** Opening PROVIDED MATERIAL block **
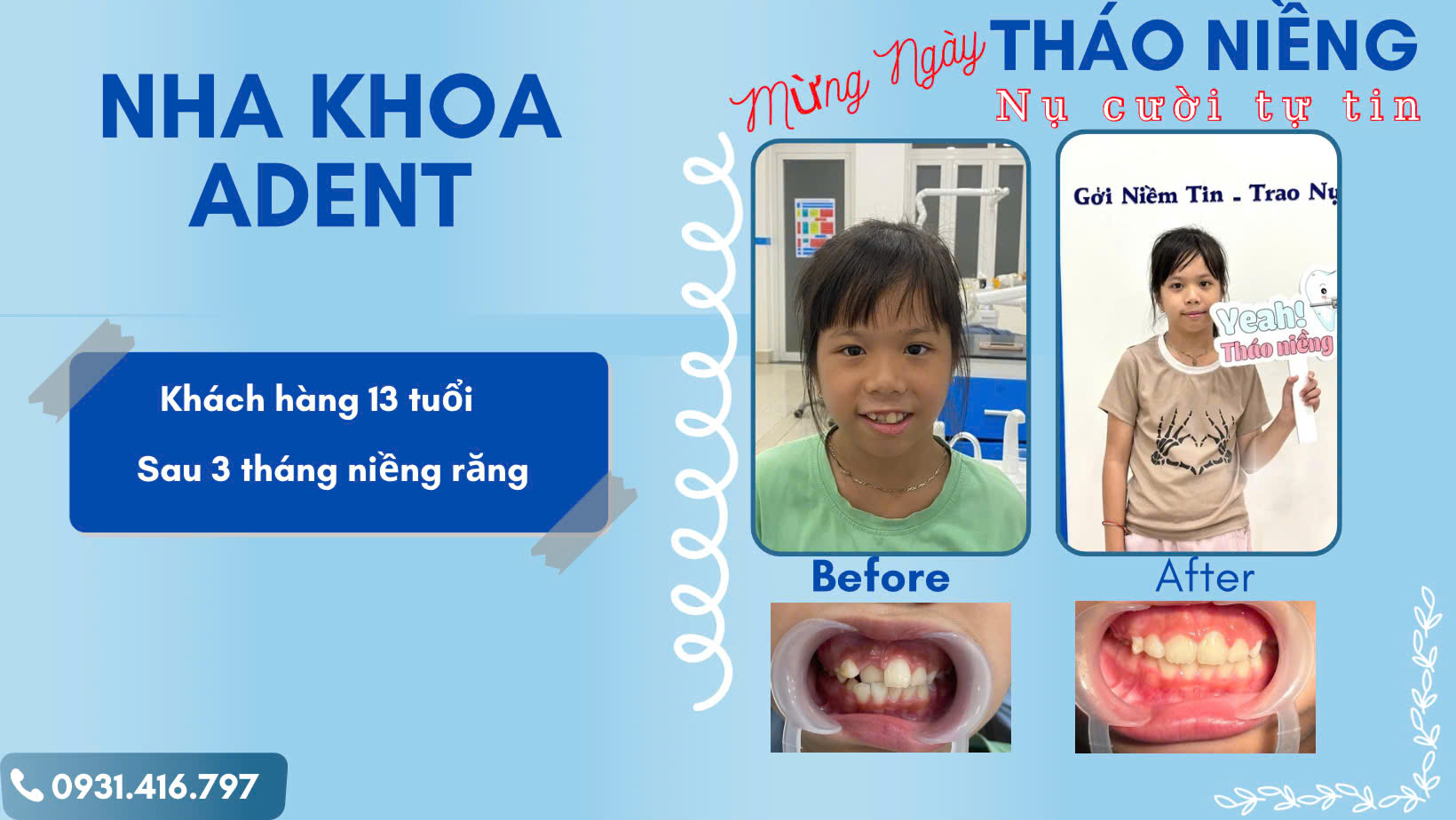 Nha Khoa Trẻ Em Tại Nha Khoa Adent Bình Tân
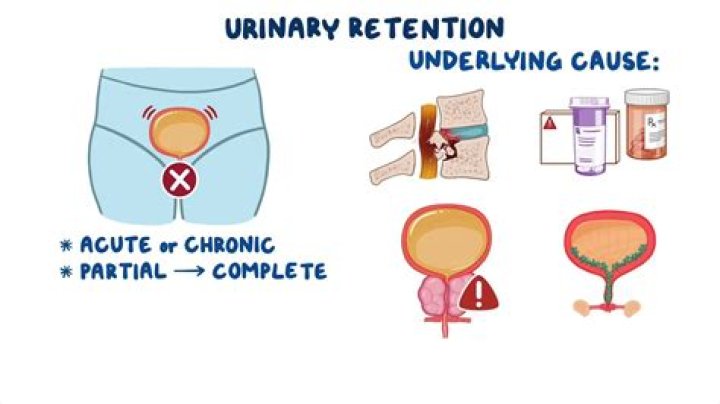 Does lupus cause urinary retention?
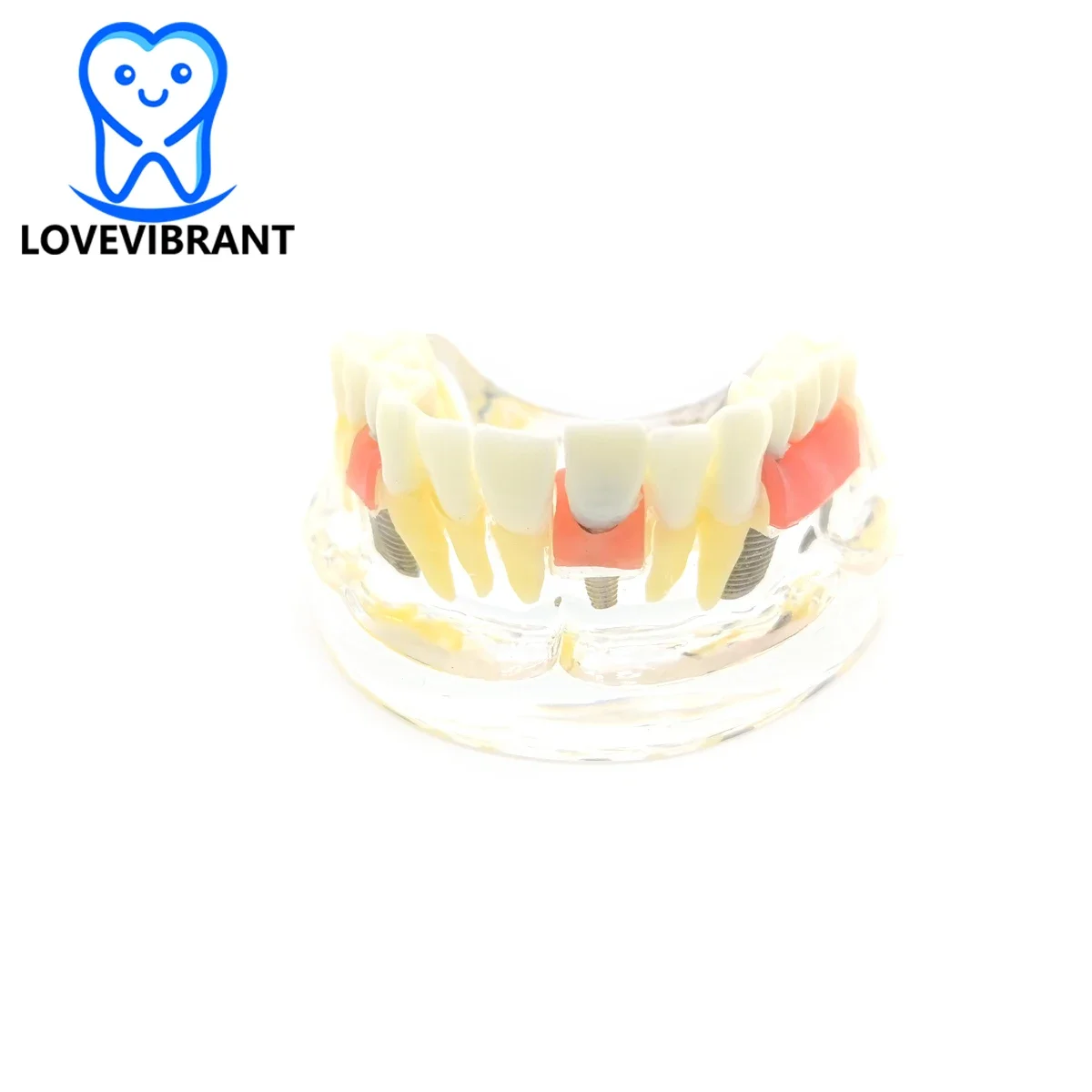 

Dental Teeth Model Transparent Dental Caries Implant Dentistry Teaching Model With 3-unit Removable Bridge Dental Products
** Closing PROVIDED MATERIAL block **
▸ **TASK TO CARRY OUT**: Line by line, write out the material above exactly, with no images.

▸ **EXERCISE ANSWER**:
 Nha Khoa Trẻ Em Tại Nha Khoa Adent Bình Tân
 Does lupus cause urinary retention?

Dental Teeth Model Transparent Dental Caries Implant Dentistry Teaching Model With 3-unit Removable Bridge Dental Products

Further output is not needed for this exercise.